- [What to do]: Repeat the listing below line by line, exactly, leaving its pictures behind.

- [Task data]:
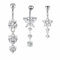Aucuu 3pcs 14G Nombril Anneau en Acier Chirurgical, Bijoux de Corps pour Femmes Hommes, Ventre Piercing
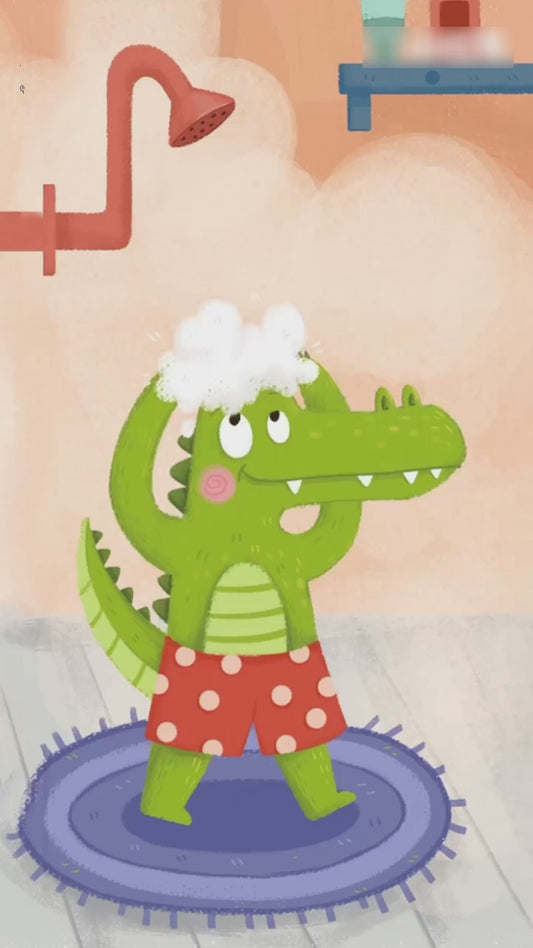 Pinwheel Help Little Crocodile Permainan Logika Buaya Mandi Mainan Edukasi Anak Usia 3 Tahun Ke Atas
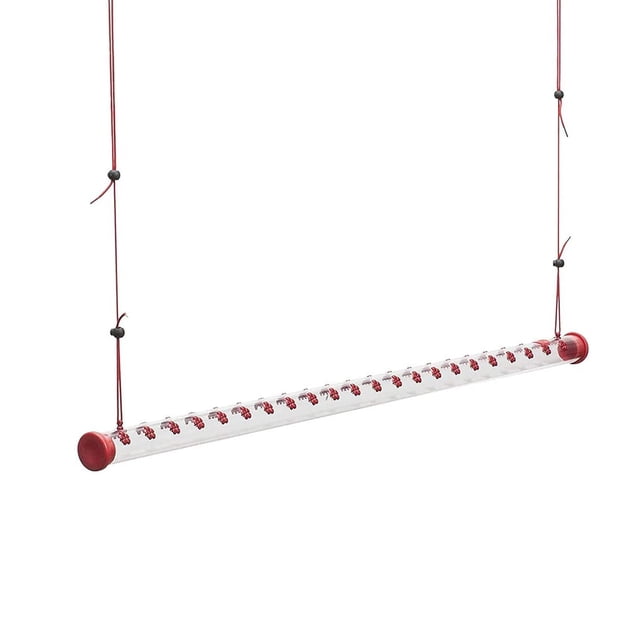 Comedero de colibrí de 40/55cm, tubería de alimentación de insectos, comedero colgante para jardín, insectos, árbol, agujero, parque al aire Suministros de alimentación y agua para 40CM con flores Billuyoard PT000389-01
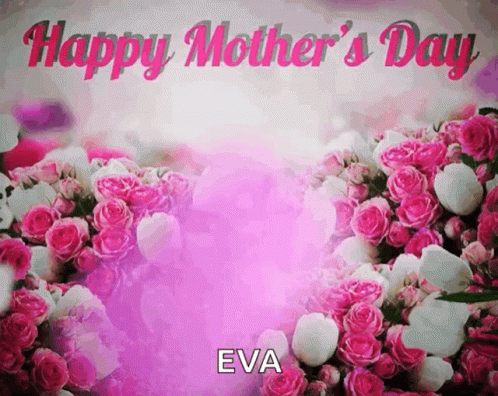 Confetti Roses Animation Happy Mother Day GIF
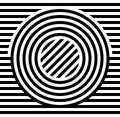 Monochrome lines as optical illusion background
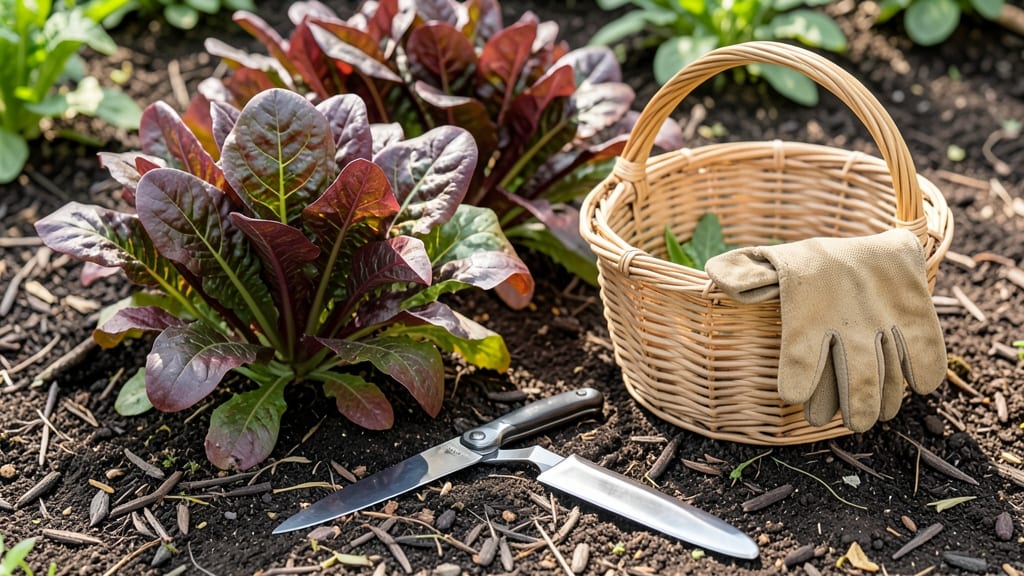 When to Harvest Red Romaine Lettuce: Crisp Stem Snap Test for Peak Flavor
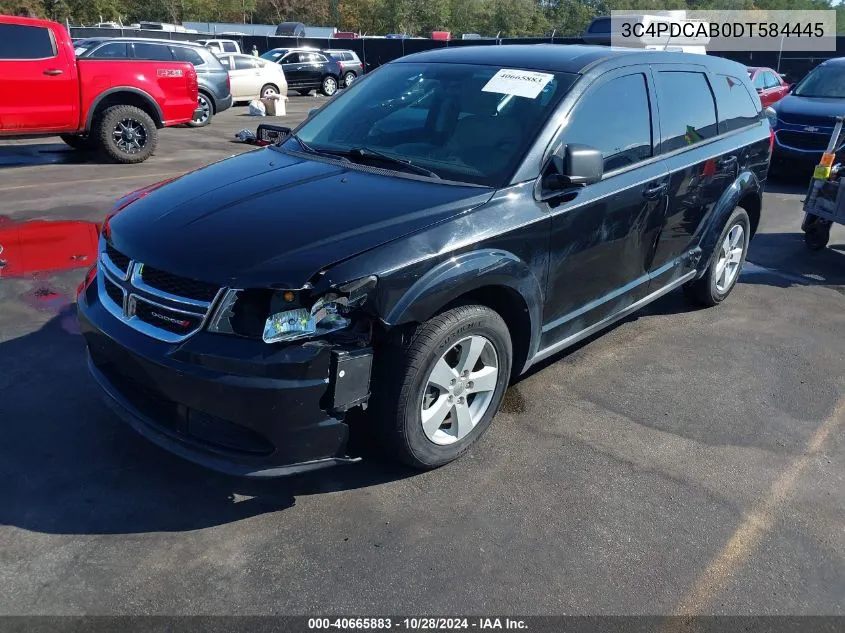 2013 Dodge Journey American Value Pkg VIN: 3C4PDCAB0DT584445 Lot: 40665883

- [Written reply]:
Aucuu 3pcs 14G Nombril Anneau en Acier Chirurgical, Bijoux de Corps pour Femmes Hommes, Ventre Piercing
 Pinwheel Help Little Crocodile Permainan Logika Buaya Mandi Mainan Edukasi Anak Usia 3 Tahun Ke Atas
 Comedero de colibrí de 40/55cm, tubería de alimentación de insectos, comedero colgante para jardín, insectos, árbol, agujero, parque al aire Suministros de alimentación y agua para 40CM con flores Billuyoard PT000389-01
 Confetti Roses Animation Happy Mother Day GIF
 Monochrome lines as optical illusion background
 When to Harvest Red Romaine Lettuce: Crisp Stem Snap Test for Peak Flavor
 2013 Dodge Journey American Value Pkg VIN: 3C4PDCAB0DT584445 Lot: 40665883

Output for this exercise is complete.